### Records to use ###
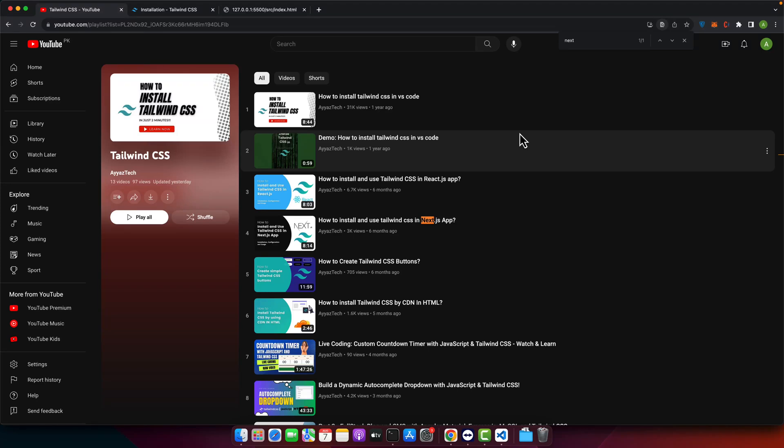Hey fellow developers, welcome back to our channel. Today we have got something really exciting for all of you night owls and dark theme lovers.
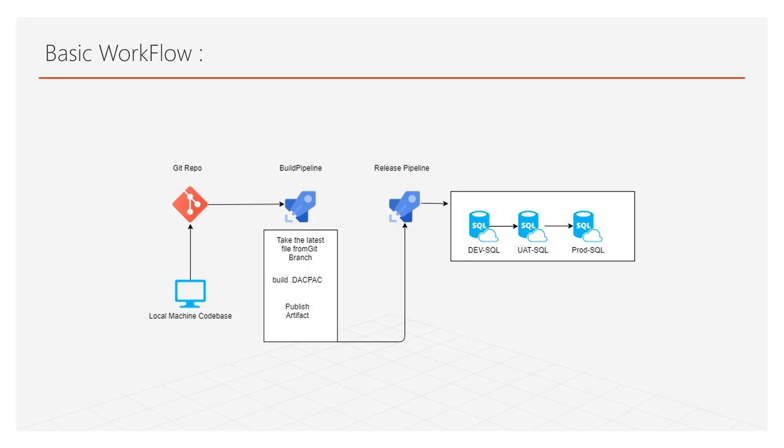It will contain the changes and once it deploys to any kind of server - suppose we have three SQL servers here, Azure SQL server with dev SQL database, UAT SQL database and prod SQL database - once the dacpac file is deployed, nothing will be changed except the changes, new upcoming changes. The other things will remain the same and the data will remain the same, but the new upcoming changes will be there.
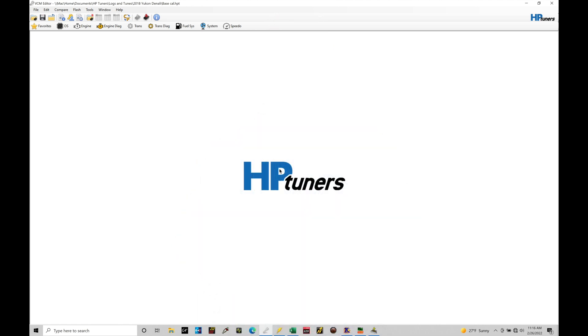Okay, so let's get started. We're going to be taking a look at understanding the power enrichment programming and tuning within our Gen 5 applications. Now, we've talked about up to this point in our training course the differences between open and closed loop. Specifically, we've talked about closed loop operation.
###
### Records to use ###
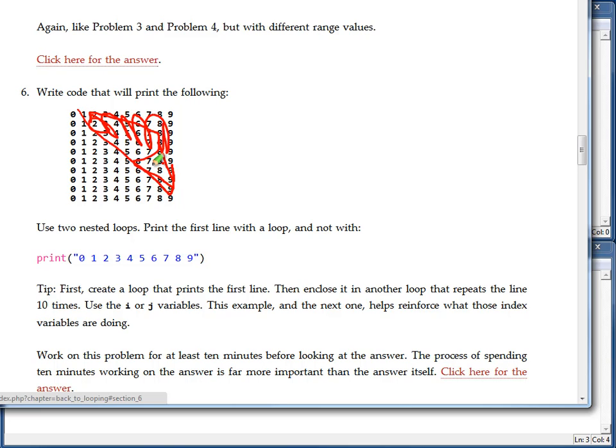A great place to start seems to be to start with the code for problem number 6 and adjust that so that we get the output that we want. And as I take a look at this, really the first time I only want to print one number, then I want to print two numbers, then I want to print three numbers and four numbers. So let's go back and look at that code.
###
Would you write out exactly the lines above, starting at the line containing "Hey fellow developers, welcome" and stopping after the line containing "Okay, so let's"? Omit the pictures.

Hey fellow developers, welcome back to our channel. Today we have got something really exciting for all of you night owls and dark theme lovers.
It will contain the changes and once it deploys to any kind of server - suppose we have three SQL servers here, Azure SQL server with dev SQL database, UAT SQL database and prod SQL database - once the dacpac file is deployed, nothing will be changed except the changes, new upcoming changes. The other things will remain the same and the data will remain the same, but the new upcoming changes will be there.
Okay, so let's get started. We're going to be taking a look at understanding the power enrichment programming and tuning within our Gen 5 applications. Now, we've talked about up to this point in our training course the differences between open and closed loop. Specifically, we've talked about closed loop operation.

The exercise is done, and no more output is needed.